In 1956, Alabama Attorney General John Patterson filed a lawsuit in state court seeking to bar the NAACP, which had a regional office in Alabama, from operating in the state. Such attempts were not unique to Alabama, as other Southern states also tried various litigation strategies to thwart the effective civil rights advocacy of the NAACP, which they viewed as a group of harmful agitators.
The attorney general contended that the NAACP had violated a state law requiring out-of-state corporations to register and pay state fees for conducting interstate business. The NAACP, based in New York, assumed for many years it was exempt.
Before a court hearing, Alabama filed a motion asking that the NAACP produce numerous types of records, including bank statements, leases, deeds and membership lists, including the names and addresses of rank-and-file members.

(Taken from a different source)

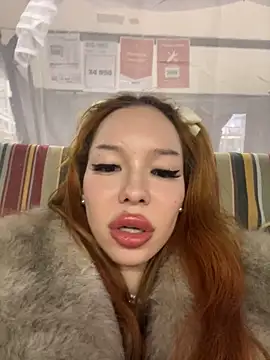 Snapshot of babydolll chatting on 03-19-25, 04:34 babydolll online show from 03-19-25, 04:34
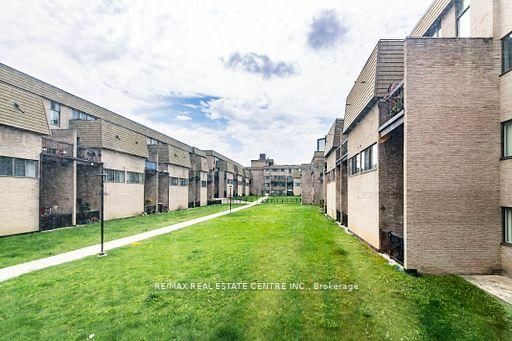 Sheridan Square Townhomes, Mississauga, Toronto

Disclosure of membership in the NAACP could have had dramatic consequences for Alabama residents at that time. In his memoir, A Matter of Law: A Memoir of Struggle in the Cause of Civil Rights, Robert L. Carter — NAACP general counsel who argued this case — described the harsh consequences of revealing members’ names and addresses: “To do so would expose our members to the threats of lost jobs, physical violence, even possible loss of life, and would risk serious danger to their families.”

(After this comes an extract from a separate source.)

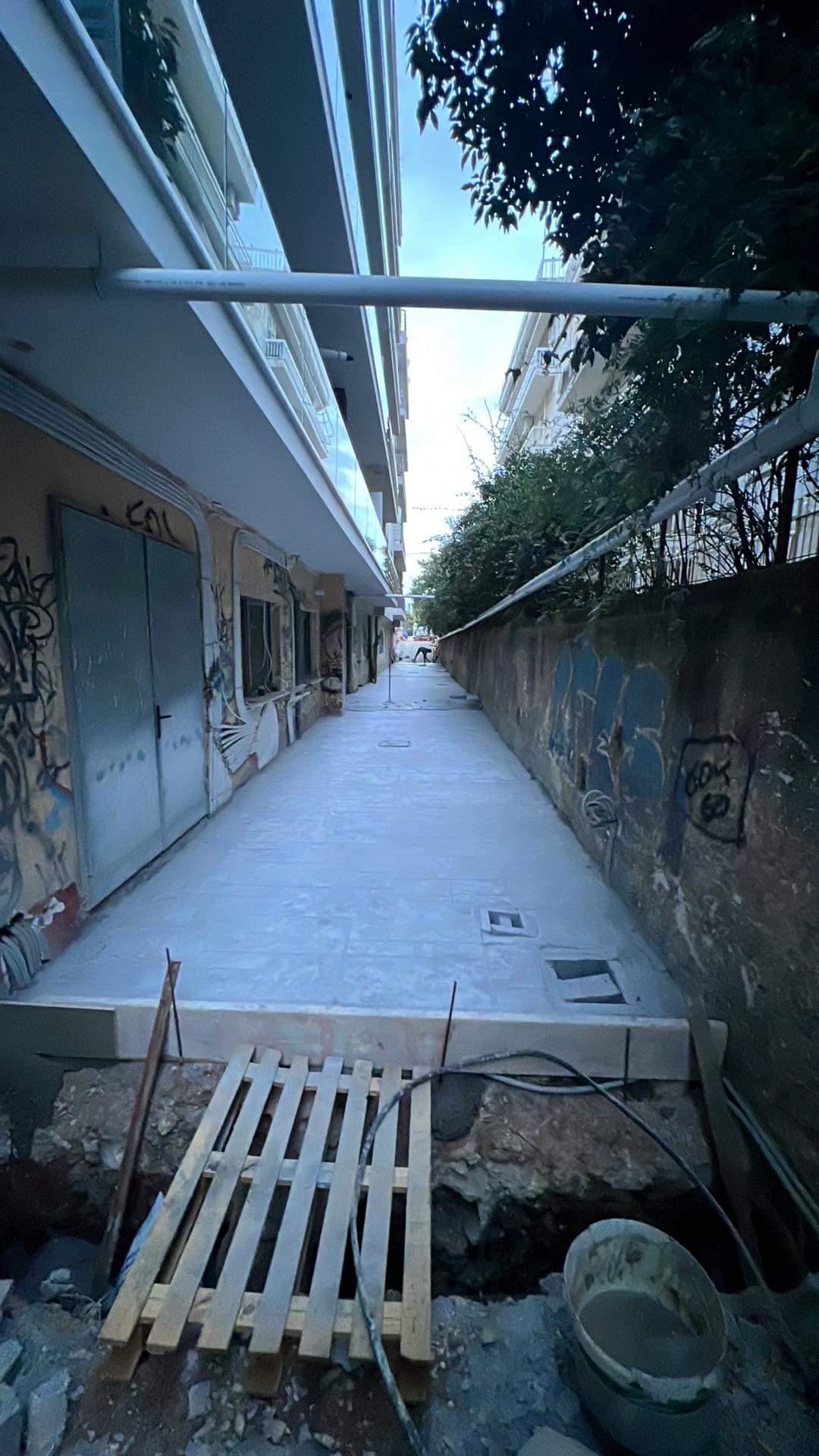 Σταμπωτό δάπεδο, ανακαίνιση κτιρίου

In his memoir, Carter also said he believed the case implicated core First Amendment issues: “I was also certain that our activities, which involved only peaceful protests and activity against racial discrimination imposed and enforced by the state, were protected by the First Amendment.”

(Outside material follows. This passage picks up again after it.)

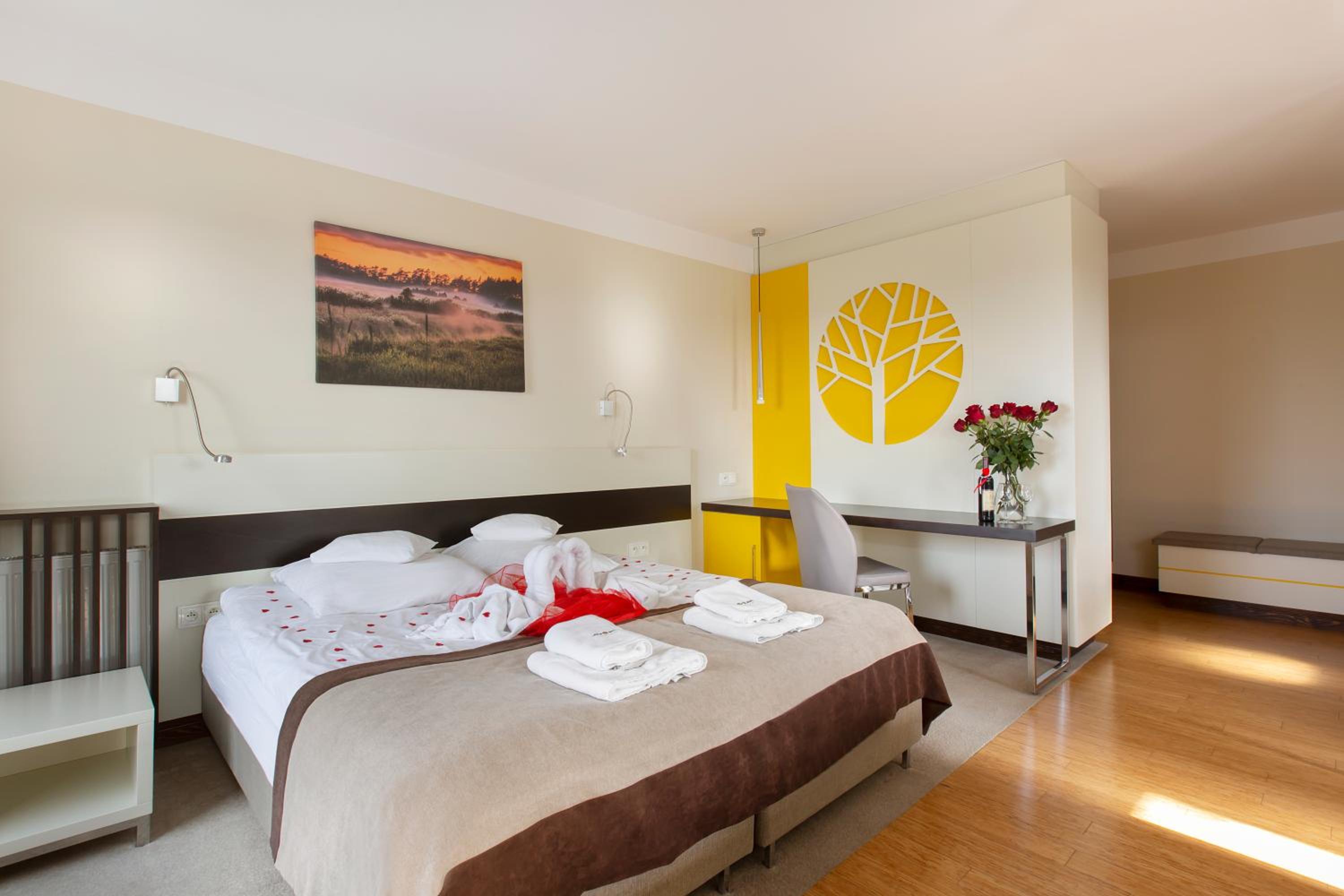 Deluxe Double or Twin Room with Balcony photo 2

The NAACP lost in Alabama state court. A trial judge imposed an astronomical fine of $100,000 for continuing contempt for the civil rights group’s alleged violation of the statute. The Alabama Supreme Court twice refused to grant review of this contempt judgment.
However, the U.S. Supreme Court granted review and issued its famous ruling in an opinion by Justice John Marshall Harlan — the grandson of the first Justice John Marshall Harlan, who was known as “the Great Dissenter” for his lone dissents in the odious pro-segregation decisions The Civil Rights Cases (1883) and Plessy v. Ferguson (1896).
“Inviolability of privacy in group association may in many circumstances be indispensable to preservation of freedom of association, particularly where a group espouses dissident beliefs,” Harlan wrote in NAACP v. Alabama. “Petitioner has made an uncontroverted showing that on past occasions revelation of the identity of its rank-and-file members has exposed these members to economic reprisal, loss of employment, threat of physical coercion, and other manifestations of public hostility.”
To Harlan, the “compelled disclosure” of the membership lists would prohibit those NAACP members from exercising their assembly and association rights under the First Amendment. He concluded that “Alabama has fallen short of showing a controlling justification for the deterrent effect on the free enjoyment of the right to associate which disclosure of membership lists is likely to have.”
Carter, who has been a federal district court judge since 1972, wrote that the decision was a “great victory, but enforcement took years.” It actually took other decisions by the U.S. Supreme Court in the same litigation, culminating in the 1964 NAACP v. Alabama, also written by Justice Harlan, to ensure that the state would not attempt to oust the civil rights group from the state.
However, the Court’s decision on June 30, 1958, was a historic decision in many ways. Certainly, the decision sent a message to civil rights activists that the Supreme Court would scrutinize government practices that infringed on constitutional freedoms. The decision also proved important to First Amendment law, recognizing the importance of freedom of association and anonymous expression.
First Amendment expert Robert M. O’Neil, president of the Thomas Jefferson Center for the Protection of Free Expression, said the decision also “marks the Court’s willingness to apply the First Amendment in non-literal contexts … something other than the spoken or printed word.”